▶ [Description of the task]: Return exactly the lines of the records below, starting at the line that contains "Steve Kerr and" and ending at the line that contains "A romantic wedding", with both of those lines kept.

▶ [Record set]:
***

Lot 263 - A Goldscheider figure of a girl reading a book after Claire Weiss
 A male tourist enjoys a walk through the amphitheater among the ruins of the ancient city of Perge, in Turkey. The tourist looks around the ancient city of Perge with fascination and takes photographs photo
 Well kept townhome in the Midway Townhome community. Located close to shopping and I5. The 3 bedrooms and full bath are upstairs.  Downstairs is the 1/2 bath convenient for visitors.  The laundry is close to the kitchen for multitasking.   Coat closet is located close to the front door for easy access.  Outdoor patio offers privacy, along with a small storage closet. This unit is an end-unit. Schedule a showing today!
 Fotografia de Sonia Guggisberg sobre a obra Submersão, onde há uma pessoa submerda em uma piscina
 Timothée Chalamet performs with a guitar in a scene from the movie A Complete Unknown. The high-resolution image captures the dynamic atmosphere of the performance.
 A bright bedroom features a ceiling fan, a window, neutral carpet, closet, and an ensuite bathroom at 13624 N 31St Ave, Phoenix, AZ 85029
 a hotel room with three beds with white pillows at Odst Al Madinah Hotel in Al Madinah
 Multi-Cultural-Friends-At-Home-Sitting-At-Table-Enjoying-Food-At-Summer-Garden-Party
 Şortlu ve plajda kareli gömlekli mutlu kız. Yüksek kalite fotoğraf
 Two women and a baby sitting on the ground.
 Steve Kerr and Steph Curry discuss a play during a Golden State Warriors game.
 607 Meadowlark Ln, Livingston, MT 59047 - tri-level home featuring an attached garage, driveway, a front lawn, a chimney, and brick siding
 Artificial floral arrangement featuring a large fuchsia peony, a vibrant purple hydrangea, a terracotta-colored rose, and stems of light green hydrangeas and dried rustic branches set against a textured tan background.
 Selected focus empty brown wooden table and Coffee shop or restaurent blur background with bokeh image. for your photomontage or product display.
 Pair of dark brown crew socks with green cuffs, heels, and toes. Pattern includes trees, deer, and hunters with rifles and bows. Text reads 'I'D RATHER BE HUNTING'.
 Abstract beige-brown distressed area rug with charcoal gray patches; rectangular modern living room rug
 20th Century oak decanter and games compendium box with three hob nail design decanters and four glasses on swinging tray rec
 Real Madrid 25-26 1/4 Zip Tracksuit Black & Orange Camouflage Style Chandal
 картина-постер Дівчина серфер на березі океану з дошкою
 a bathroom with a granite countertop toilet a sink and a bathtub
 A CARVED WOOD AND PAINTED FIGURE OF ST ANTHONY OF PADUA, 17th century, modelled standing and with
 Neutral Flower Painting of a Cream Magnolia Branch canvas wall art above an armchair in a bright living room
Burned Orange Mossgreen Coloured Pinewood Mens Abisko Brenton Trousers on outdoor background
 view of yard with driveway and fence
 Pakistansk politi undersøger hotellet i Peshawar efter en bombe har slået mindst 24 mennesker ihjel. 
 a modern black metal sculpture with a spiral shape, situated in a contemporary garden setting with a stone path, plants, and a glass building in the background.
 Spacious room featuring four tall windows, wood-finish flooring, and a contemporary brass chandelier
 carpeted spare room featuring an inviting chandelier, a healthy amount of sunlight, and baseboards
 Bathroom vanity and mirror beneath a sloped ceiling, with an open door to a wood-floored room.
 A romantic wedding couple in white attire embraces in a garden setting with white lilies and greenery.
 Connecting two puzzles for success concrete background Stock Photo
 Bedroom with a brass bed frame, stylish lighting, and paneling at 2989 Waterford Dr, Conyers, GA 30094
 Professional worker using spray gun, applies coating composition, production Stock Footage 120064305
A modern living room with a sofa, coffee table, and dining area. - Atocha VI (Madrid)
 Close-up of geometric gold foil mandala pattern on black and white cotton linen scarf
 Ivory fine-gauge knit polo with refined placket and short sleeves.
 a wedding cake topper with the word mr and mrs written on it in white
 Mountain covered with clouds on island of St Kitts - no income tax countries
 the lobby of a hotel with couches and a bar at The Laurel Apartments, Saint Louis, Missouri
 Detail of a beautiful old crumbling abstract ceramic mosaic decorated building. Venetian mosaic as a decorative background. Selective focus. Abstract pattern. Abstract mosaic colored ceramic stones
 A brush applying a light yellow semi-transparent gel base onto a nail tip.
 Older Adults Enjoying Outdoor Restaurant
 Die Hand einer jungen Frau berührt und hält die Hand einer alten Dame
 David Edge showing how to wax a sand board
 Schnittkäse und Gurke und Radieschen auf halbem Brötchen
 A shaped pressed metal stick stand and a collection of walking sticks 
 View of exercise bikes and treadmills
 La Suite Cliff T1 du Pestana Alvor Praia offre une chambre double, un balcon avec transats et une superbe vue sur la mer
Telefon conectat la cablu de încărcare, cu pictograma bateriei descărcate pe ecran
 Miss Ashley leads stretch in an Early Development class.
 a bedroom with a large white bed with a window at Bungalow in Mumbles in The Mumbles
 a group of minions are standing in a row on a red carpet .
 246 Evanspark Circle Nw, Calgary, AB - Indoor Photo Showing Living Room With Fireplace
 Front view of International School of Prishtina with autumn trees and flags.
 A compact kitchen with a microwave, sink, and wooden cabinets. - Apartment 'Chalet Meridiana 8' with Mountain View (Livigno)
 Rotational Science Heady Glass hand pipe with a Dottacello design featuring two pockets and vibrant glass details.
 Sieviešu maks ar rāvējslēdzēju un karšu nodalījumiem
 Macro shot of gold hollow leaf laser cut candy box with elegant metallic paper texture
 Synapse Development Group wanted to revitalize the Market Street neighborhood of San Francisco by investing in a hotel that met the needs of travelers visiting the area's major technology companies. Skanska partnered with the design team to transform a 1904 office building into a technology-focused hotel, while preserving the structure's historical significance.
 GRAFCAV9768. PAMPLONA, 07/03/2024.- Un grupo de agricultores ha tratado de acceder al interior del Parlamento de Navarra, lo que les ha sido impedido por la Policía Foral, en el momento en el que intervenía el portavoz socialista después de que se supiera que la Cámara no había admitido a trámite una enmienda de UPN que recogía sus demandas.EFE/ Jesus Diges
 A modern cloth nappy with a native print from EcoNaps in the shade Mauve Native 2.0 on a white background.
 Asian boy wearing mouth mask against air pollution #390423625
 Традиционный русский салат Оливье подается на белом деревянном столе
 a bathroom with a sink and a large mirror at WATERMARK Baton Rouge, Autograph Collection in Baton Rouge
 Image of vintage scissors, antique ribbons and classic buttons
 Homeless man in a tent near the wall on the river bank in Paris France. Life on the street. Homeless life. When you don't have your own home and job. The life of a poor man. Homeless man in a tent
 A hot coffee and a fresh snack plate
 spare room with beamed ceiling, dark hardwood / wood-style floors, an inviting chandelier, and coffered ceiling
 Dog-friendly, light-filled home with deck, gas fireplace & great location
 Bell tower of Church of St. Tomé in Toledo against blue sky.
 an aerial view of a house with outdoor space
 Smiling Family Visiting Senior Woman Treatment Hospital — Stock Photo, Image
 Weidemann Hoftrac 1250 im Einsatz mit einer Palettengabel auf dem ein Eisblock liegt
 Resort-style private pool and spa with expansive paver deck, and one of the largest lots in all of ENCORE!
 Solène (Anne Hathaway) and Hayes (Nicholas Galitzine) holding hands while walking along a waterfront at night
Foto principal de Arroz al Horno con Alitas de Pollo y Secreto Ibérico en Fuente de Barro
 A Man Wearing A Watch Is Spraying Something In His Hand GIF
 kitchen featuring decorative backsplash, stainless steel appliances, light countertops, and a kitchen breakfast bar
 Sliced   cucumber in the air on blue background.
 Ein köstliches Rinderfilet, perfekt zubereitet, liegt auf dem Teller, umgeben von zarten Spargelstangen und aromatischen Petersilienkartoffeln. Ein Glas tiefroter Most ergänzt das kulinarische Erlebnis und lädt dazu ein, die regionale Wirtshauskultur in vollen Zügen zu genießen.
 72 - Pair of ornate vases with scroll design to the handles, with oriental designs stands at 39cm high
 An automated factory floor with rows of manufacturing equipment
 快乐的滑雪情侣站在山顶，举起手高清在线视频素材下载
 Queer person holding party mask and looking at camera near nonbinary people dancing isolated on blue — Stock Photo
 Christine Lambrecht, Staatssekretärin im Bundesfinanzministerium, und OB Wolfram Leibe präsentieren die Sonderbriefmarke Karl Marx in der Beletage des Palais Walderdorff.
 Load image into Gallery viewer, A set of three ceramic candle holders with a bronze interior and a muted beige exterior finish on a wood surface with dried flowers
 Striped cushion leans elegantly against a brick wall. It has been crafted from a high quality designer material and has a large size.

***

▶ [Solution to the problem]:
 Steve Kerr and Steph Curry discuss a play during a Golden State Warriors game.
 607 Meadowlark Ln, Livingston, MT 59047 - tri-level home featuring an attached garage, driveway, a front lawn, a chimney, and brick siding
 Artificial floral arrangement featuring a large fuchsia peony, a vibrant purple hydrangea, a terracotta-colored rose, and stems of light green hydrangeas and dried rustic branches set against a textured tan background.
 Selected focus empty brown wooden table and Coffee shop or restaurent blur background with bokeh image. for your photomontage or product display.
 Pair of dark brown crew socks with green cuffs, heels, and toes. Pattern includes trees, deer, and hunters with rifles and bows. Text reads 'I'D RATHER BE HUNTING'.
 Abstract beige-brown distressed area rug with charcoal gray patches; rectangular modern living room rug
 20th Century oak decanter and games compendium box with three hob nail design decanters and four glasses on swinging tray rec
 Real Madrid 25-26 1/4 Zip Tracksuit Black & Orange Camouflage Style Chandal
 картина-постер Дівчина серфер на березі океану з дошкою
 a bathroom with a granite countertop toilet a sink and a bathtub
 A CARVED WOOD AND PAINTED FIGURE OF ST ANTHONY OF PADUA, 17th century, modelled standing and with
 Neutral Flower Painting of a Cream Magnolia Branch canvas wall art above an armchair in a bright living room
Burned Orange Mossgreen Coloured Pinewood Mens Abisko Brenton Trousers on outdoor background
 view of yard with driveway and fence
 Pakistansk politi undersøger hotellet i Peshawar efter en bombe har slået mindst 24 mennesker ihjel. 
 a modern black metal sculpture with a spiral shape, situated in a contemporary garden setting with a stone path, plants, and a glass building in the background.
 Spacious room featuring four tall windows, wood-finish flooring, and a contemporary brass chandelier
 carpeted spare room featuring an inviting chandelier, a healthy amount of sunlight, and baseboards
 Bathroom vanity and mirror beneath a sloped ceiling, with an open door to a wood-floored room.
 A romantic wedding couple in white attire embraces in a garden setting with white lilies and greenery.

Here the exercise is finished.